「左遷」とは、低い地位に落とすこと
「左遷(させん)」と聞くと、不安になる人もいるでしょう。異動や配置転換は会社員につきものですが、どのような理由であっても、環境が変わることに対する不安は尽きないもの。加えて、理由が「左遷」となると、さらに不安は大きくなるでしょう。
「左遷かもしれない」と感じても、実はそうではないケースというのも多数あります。一方で、注意した方がよいパターンもありますので、その判断基準などを知っておきましょう。
「左遷」とは? 意味を確認
さ-せん【左遷】
[名](スル)《昔、中国で、右を尊び左を卑しんだところから》低い地位・官職におとすこと。左降。「閑職に—される」
(出典:小学館 デジタル大辞泉)
今よりも低いポジションや役職、仕事量が少ない部門や部署へ異動になることを意味します。異動の辞令が出る際、「左遷」だと伝えることはほぼありません。そのため、「左遷」かどうかは個人の推測になってしまいます。しかし、個人が望まない配置転換や、明らかに降格とみなされる異動については、「左遷」と呼ぶのがほとんどです。
「左遷」の対義語は?
今よりも地位が上がる、高いポジションや役職につくことを「栄転」といいます。「左遷」の対義語になりますので、覚えておくことをおすすめします。

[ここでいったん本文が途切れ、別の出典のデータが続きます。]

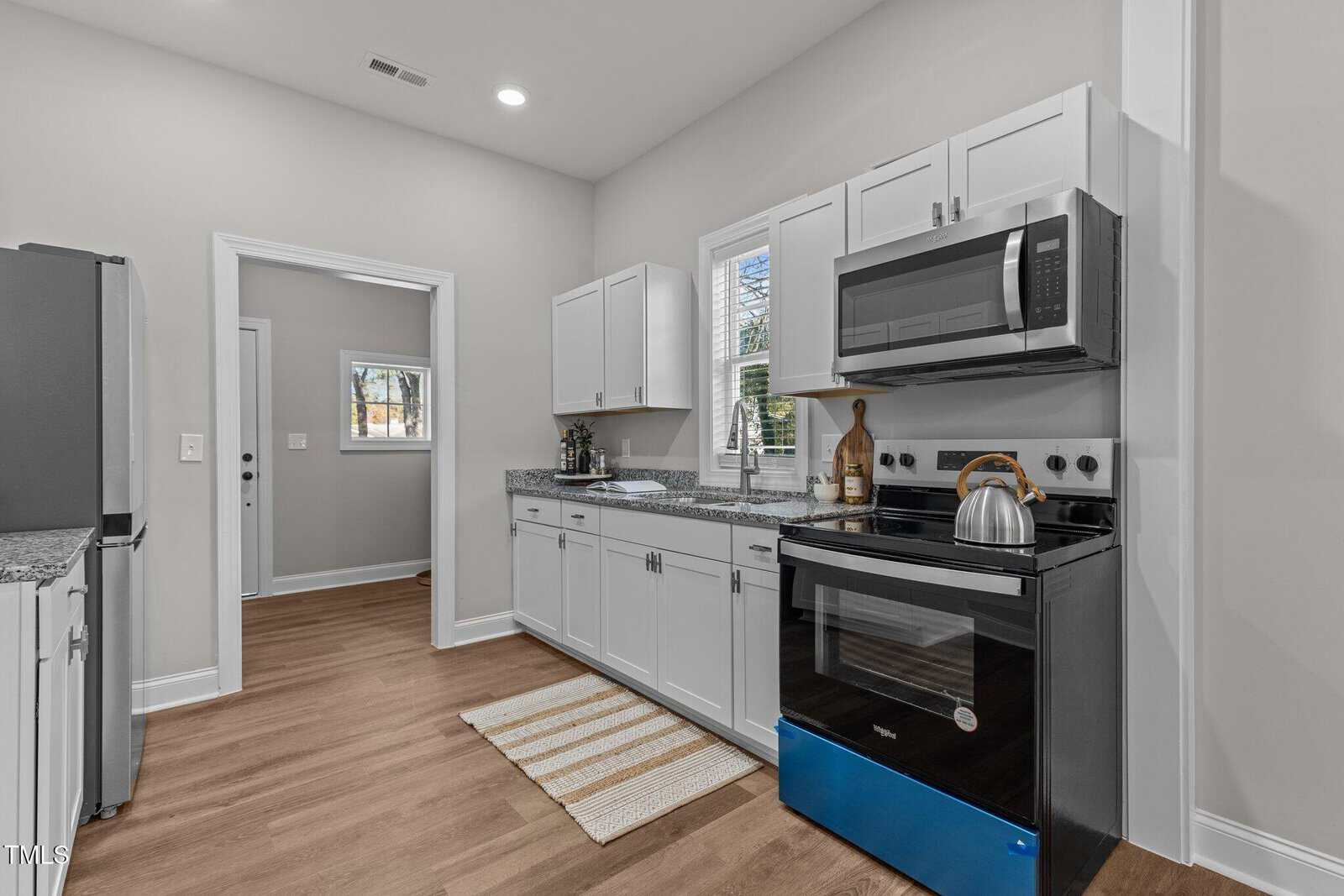A modern kitchen features white cabinets, a stainless steel oven with a kettle on top, and a microwave above. There's a window over the sink, a small indoor plant, and a striped rug on the wooden floor. A door leads to another room.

「左遷」と異なり、異動が「栄転」にあたるかどうかは判断しやすいでしょう。部署内の雰囲気もお祝いムード一色になり、祝福されるというケースもあります。
「左遷」とは言えないケースもある
前述したように、異動が「左遷」であると伝えられることはほとんどありません。そのため、自分は「左遷」だと思っても、実際は違ったというパターンもあります。
経験値を上げるため
人材育成に力を入れる企業は増えています。特に総合職スタッフや、若手社員に対しては、さまざまな部署や部門で経験を積んでほしい、経験のない業務を担当し力をつけてほしいと期待をしていることがほとんどでしょう。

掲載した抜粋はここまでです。